Edy Wuryanto Soroti Daya Saing dan Standar Pendidikan Spesialis Rumah Sakit Vertikal di Indonesia
13-11-2024 /
KOMISI IX
Anggota Komisi IX DPR RI, Edy Wuryanto, saat mengikuti Rapat Dengar Pendapat (RDP) Komisi IX DPR RI dengan Sekjen Kementerian Kesehatan (Kemenkes), Dirjen Kesehatan Lanjutan Kemenkes, dan Direktur Utama Rumah Sakit Vertikal Kementerian Kesehatan RI di Gedung Nusantara I, Senayan, Jakarta, Rabu (13/11/2024). Foto: Geraldi/vel
Anggota Komisi IX DPR RI, Edy Wuryanto, memberikan apresiasi atas kemajuan pesat yang dicapai oleh rumah sakit vertikal di Indonesia, salah satunya adalah Rumah Sakit Karyadi. Meskipun demikian, ia menyoroti sejumlah isu penting terkait rumah sakit vertikal di Indonesia, khususnya dalam hal daya saing layanan manajemen kesehatan dan standar pendidikan spesialis.
Hal itu disampaikan Edy dalam Rapat Dengar Pendapat (RDP) Komisi IX DPR RI dengan Sekjen Kementerian Kesehatan (Kemenkes), Dirjen Kesehatan Lanjutan Kemenkes, dan Direktur Utama Rumah Sakit Vertikal Kementerian Kesehatan RI di Gedung Nusantara I, Senayan, Jakarta, Rabu (13/11/2024).
Berdasarkan laporan yang diterimanya, ketimpangan distribusi tenaga medis, terutama dokter spesialis menjadi salah satu tantangan besar dalam sistem kesehatan Indonesia. Ia menekankan bahwa jika masalah ini tidak segera diatasi, masyarakat di daerah terpencil atau luar Jawa akan kesulitan mengakses layanan kesehatan yang berkualitas. Banyak warga harus datang ke kota besar, seperti Jakarta, untuk mendapatkan perawatan yang tepat.

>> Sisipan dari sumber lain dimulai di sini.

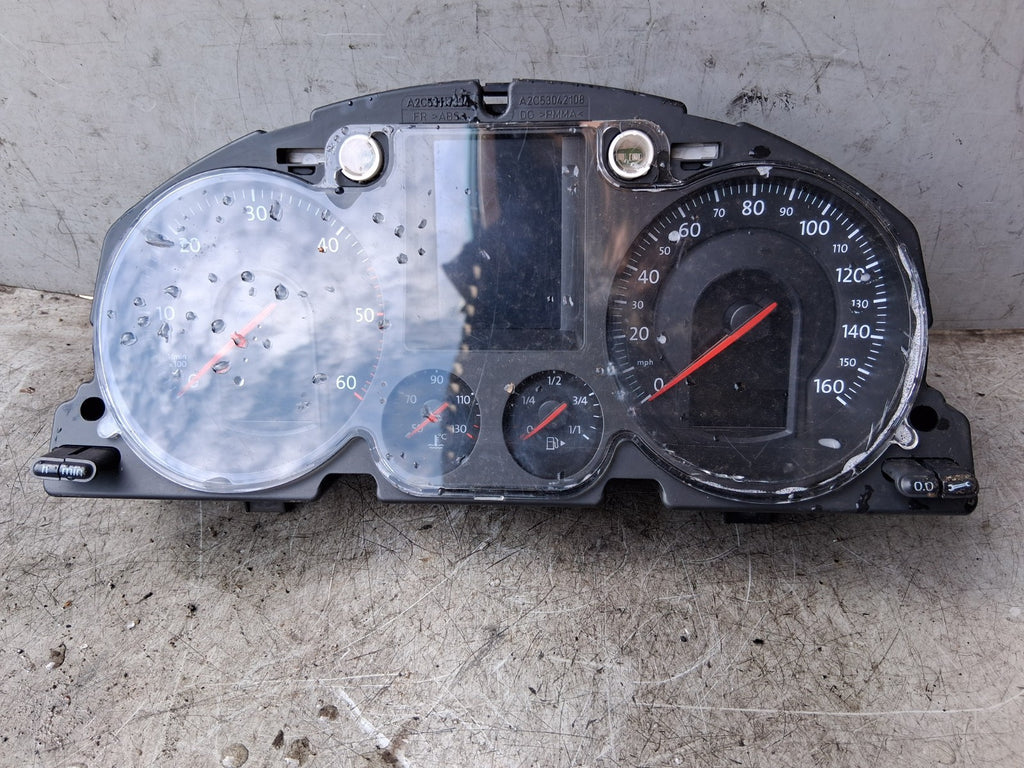2006 VOLKSWAGEN PASSAT B6 1.9 DIESEL SPEEDOMETER INSTRUMENT CLUSTER A2C53145550
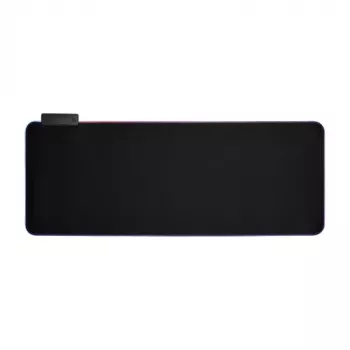 LUMI LEGEND CORPORATION RGB Podkładka pod mysz dla graczy z hubem USB 2 porty - 800x300 mm, czarna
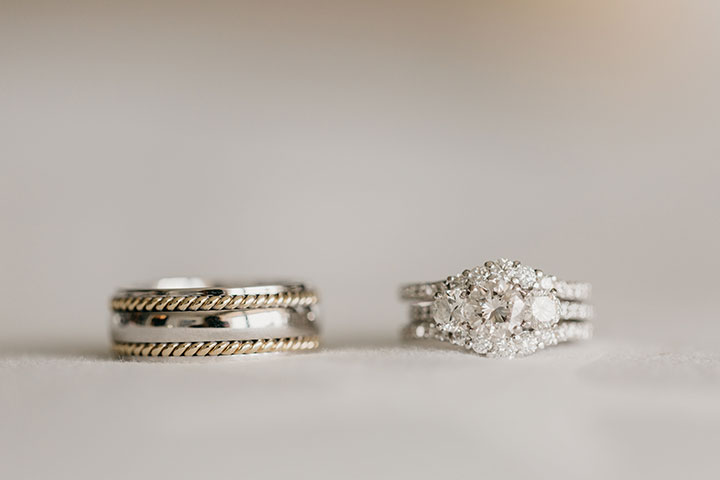 The Beaming Bride Wore Martin Thornburg "Stanza" To Her Florida Keys Wedding
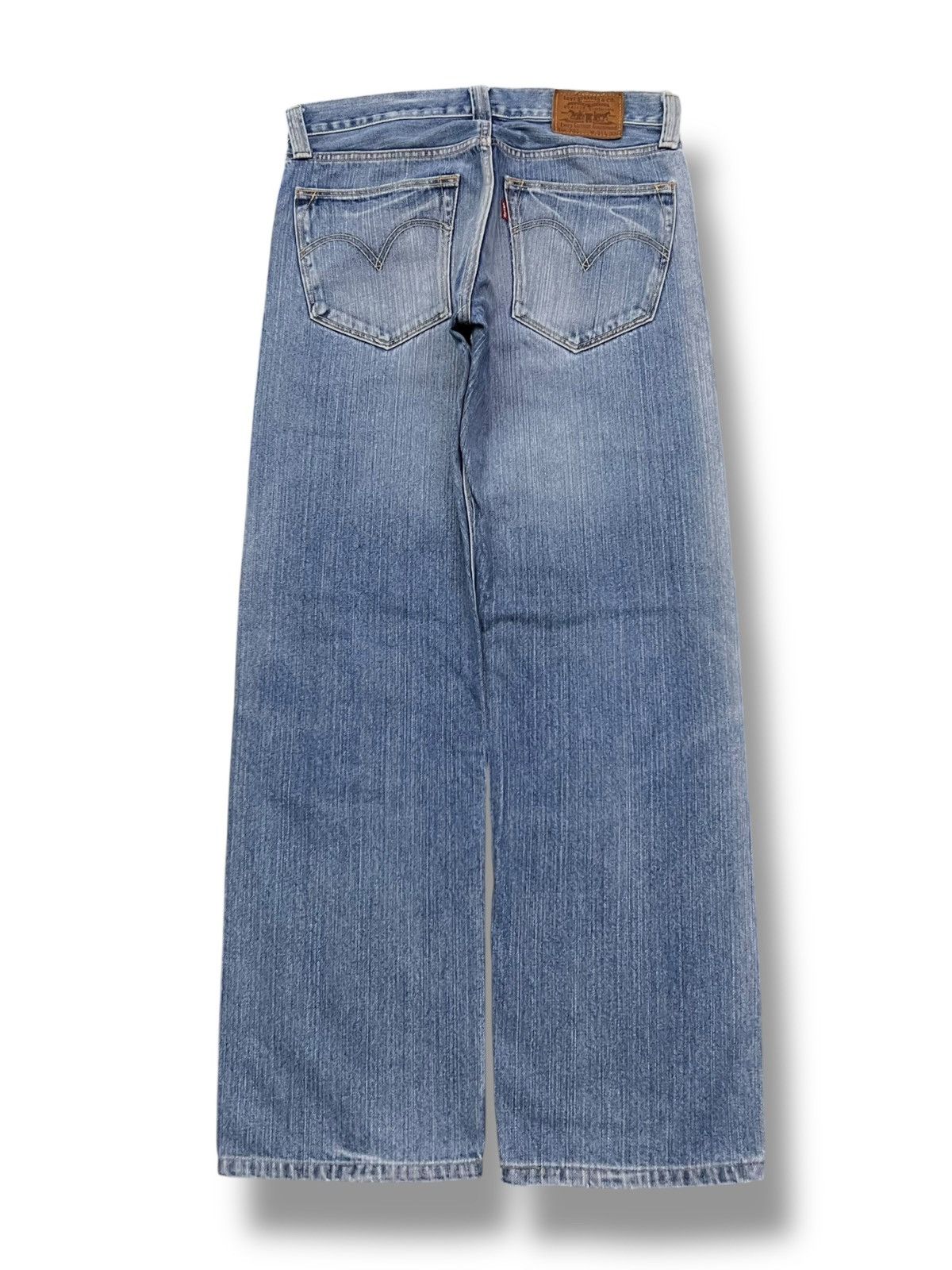Levi's Baggy Vintage Levi’s 703 - Faded, Distressed Denim Size US 33 - 3 Thumbnail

"Jangan sampai seluruh pasien hanya bisa berobat di rumah sakit vertikal yang ada di Jawa. Banyak masyarakat di daerah lain, bahkan pelosok tanah air, yang membutuhkan akses kesehatan, namun mereka terpinggirkan karena rumah sakit yang bisa menangani penyakit mereka hanya ada di Jawa," ungkap Legislator Fraksi PDI Perjuangan itu.
Selain itu, Edy juga mengungkapkan kekhawatirannya mengenai adanya persaingan tidak sehat antara pendidikan spesialis berbasis rumah sakit dan universitas. Menurutnya, jika ketimpangan ini tidak segera ditangani, kualitas layanan manajemen kesehatan di masa depan bisa menurun.
"Saya khawatir ada perbedaan standar dalam input, proses, output, dan hasil pendidikan antara yang berbasis rumah sakit dan yang berbasis universitas. Hal ini bisa berdampak pada kualitas pelayanan kesehatan, dan tentu saja akan berpengaruh pada masyarakat," tegasnya.
Untuk itu, Edy mengingatkan Kementerian Kesehatan (Kemenkes) agar segera merumuskan regulasi yang dapat menyeragamkan perlakukan dan standar pendidikan spesialis, baik yang berbasis universitas maupun rumah sakit. Ia menegaskan, perbedaan yang ada harus dihindari agar tidak terjadi ketidakadilan dalam pelayanan manajemen kesehatan rumah sakit di seluruh Indonesia.
Di sisi lain, Edy menegaskan bahwa rumah sakit vertikal tidak hanya memiliki peran dalam memberikan pelayanan kesehatan, tetapi juga harus berperan dalam pendidikan tenaga medis. Integrasi antara pendidikan dan pelayanan di rumah sakit harus berjalan seiring untuk memastikan kualitas pelayanan dan pendidikan yang seimbang.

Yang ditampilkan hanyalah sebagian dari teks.